§ How to complete this task: Below are some records. Set down exactly the line holding "72 LED 10X NEW" and every later line through the end, omitting the pictures.

§ Dataset:
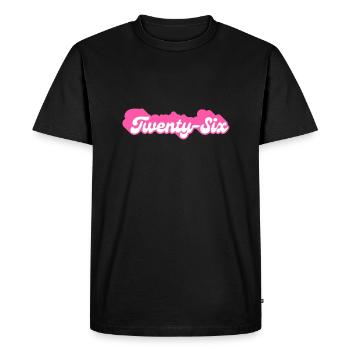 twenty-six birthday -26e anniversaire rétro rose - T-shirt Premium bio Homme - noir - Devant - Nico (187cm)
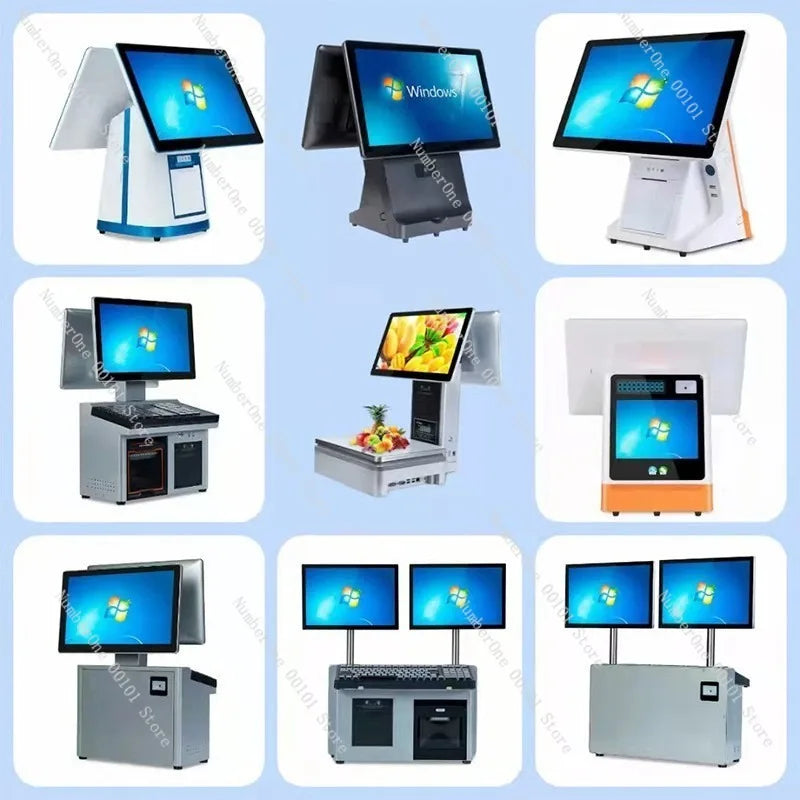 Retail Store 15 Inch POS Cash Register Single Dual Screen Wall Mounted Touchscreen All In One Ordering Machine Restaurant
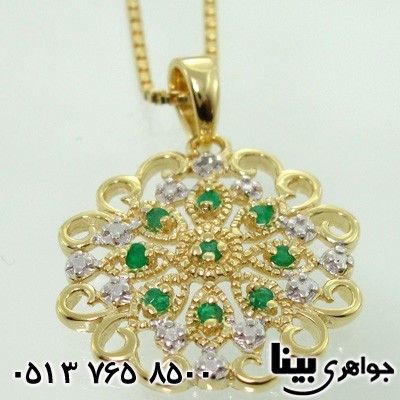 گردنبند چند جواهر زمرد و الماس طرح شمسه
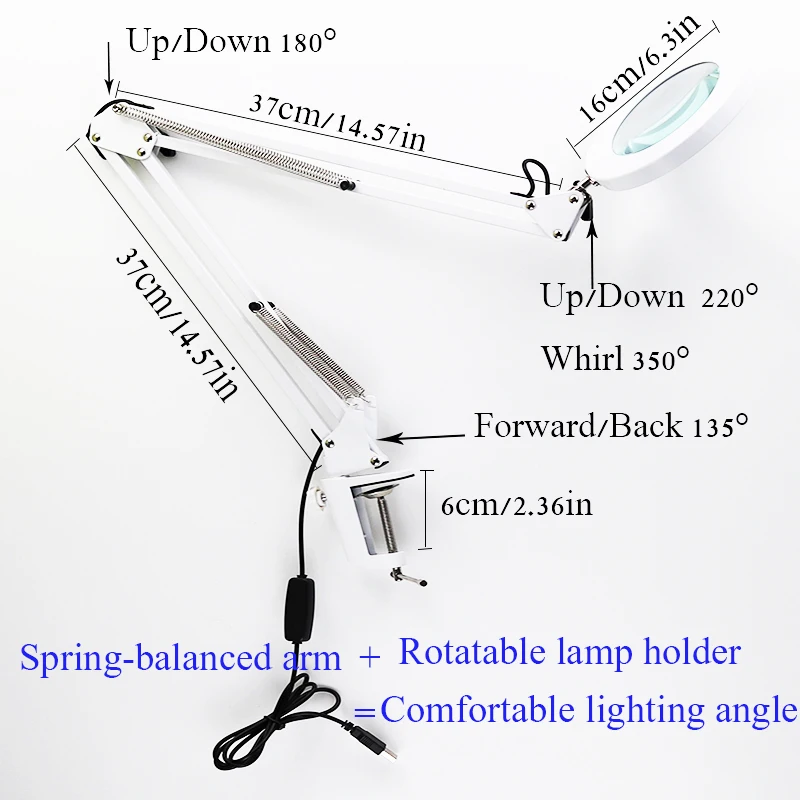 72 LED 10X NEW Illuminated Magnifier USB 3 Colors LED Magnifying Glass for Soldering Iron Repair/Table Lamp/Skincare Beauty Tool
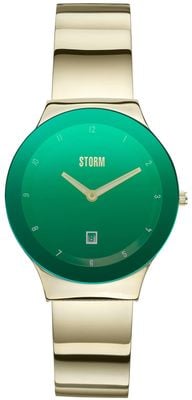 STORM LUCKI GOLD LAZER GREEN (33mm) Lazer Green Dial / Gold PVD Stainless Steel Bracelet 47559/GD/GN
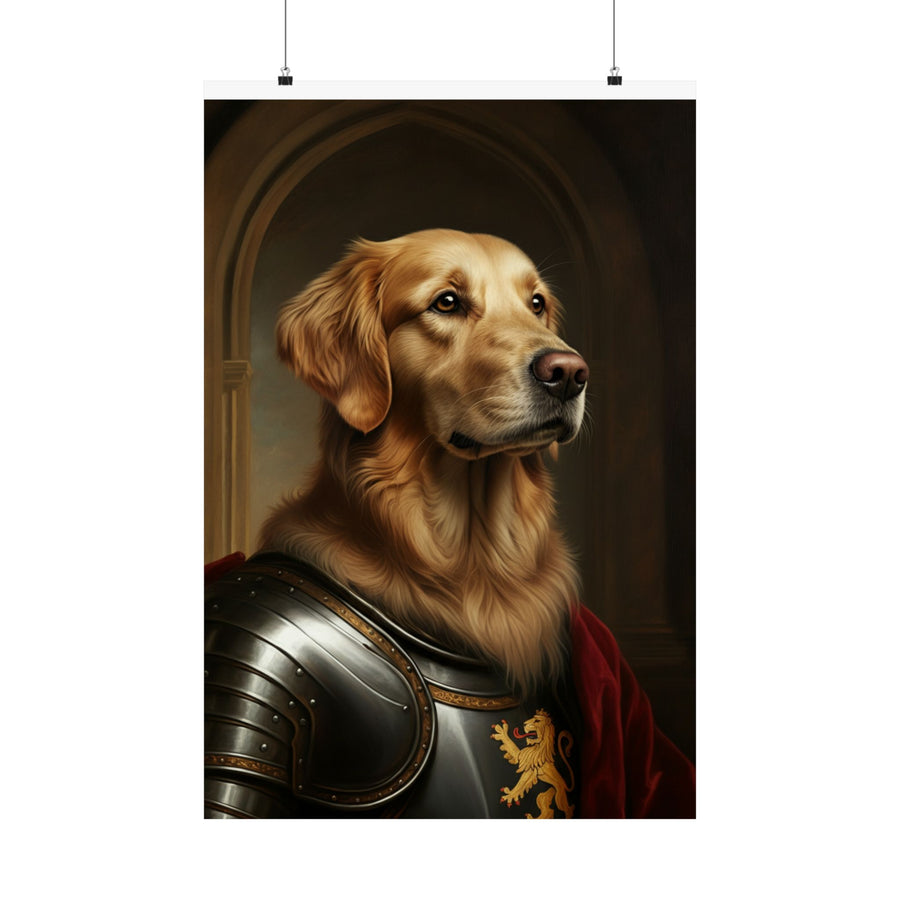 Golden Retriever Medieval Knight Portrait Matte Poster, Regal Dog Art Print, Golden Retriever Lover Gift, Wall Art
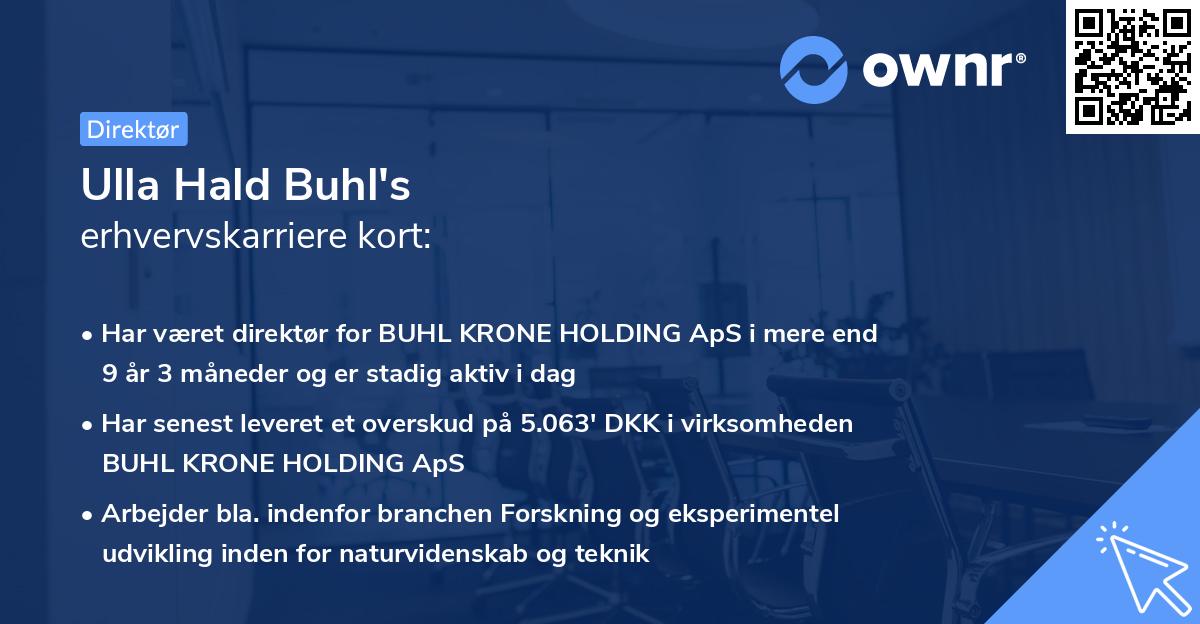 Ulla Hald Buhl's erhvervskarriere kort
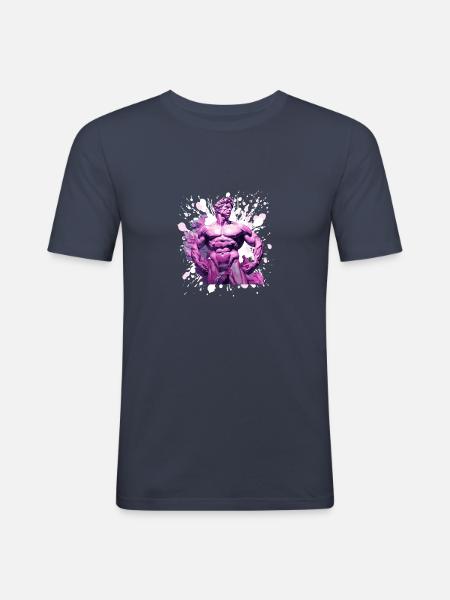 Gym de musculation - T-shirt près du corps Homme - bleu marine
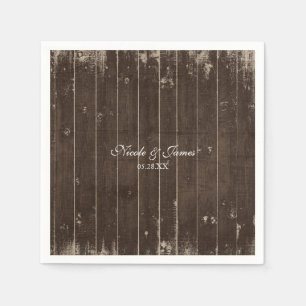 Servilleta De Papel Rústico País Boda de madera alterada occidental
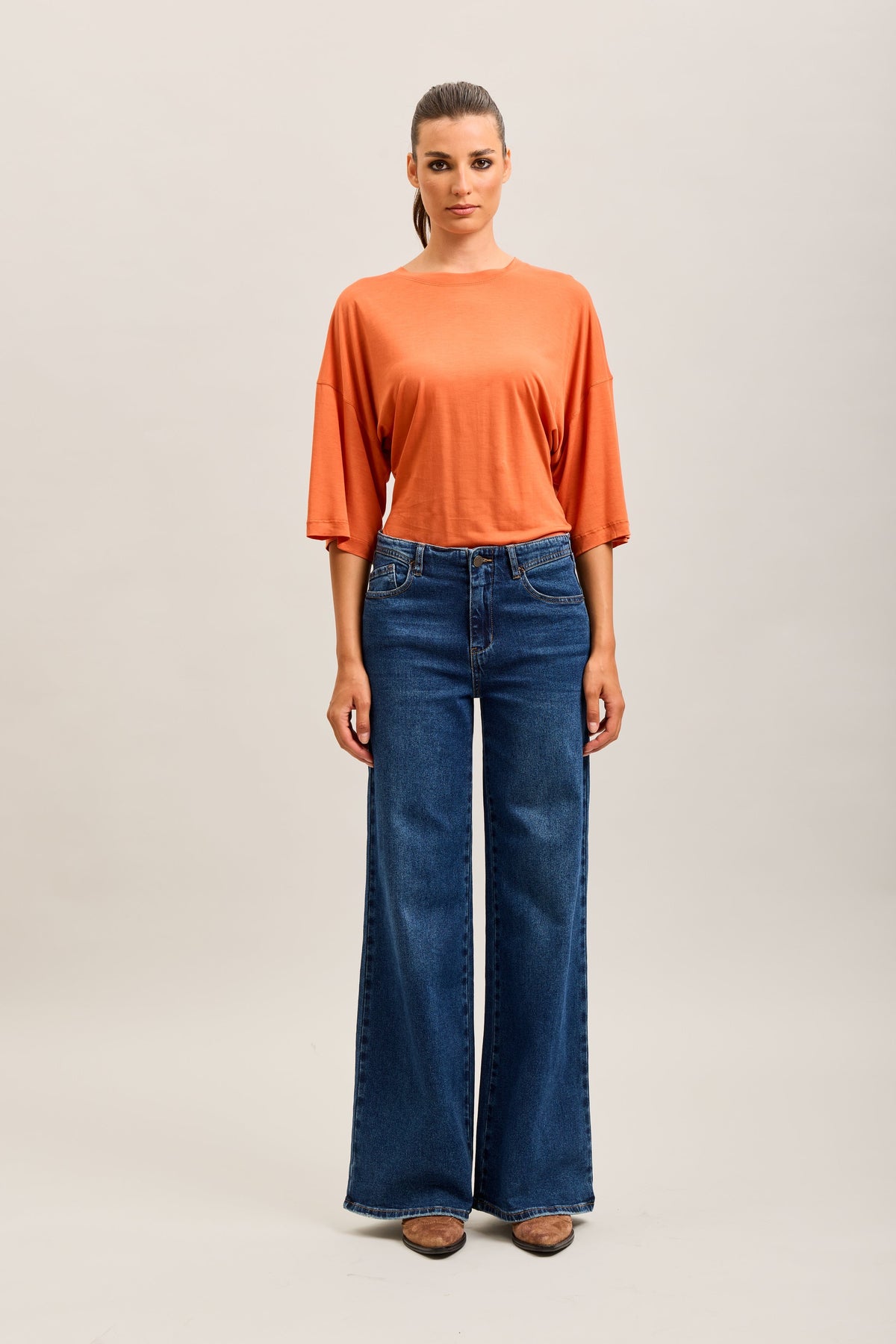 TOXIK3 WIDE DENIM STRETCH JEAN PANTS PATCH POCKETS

§ Task answer:
 72 LED 10X NEW Illuminated Magnifier USB 3 Colors LED Magnifying Glass for Soldering Iron Repair/Table Lamp/Skincare Beauty Tool
 STORM LUCKI GOLD LAZER GREEN (33mm) Lazer Green Dial / Gold PVD Stainless Steel Bracelet 47559/GD/GN
 Golden Retriever Medieval Knight Portrait Matte Poster, Regal Dog Art Print, Golden Retriever Lover Gift, Wall Art
 Ulla Hald Buhl's erhvervskarriere kort
 Gym de musculation - T-shirt près du corps Homme - bleu marine
 Servilleta De Papel Rústico País Boda de madera alterada occidental
 TOXIK3 WIDE DENIM STRETCH JEAN PANTS PATCH POCKETS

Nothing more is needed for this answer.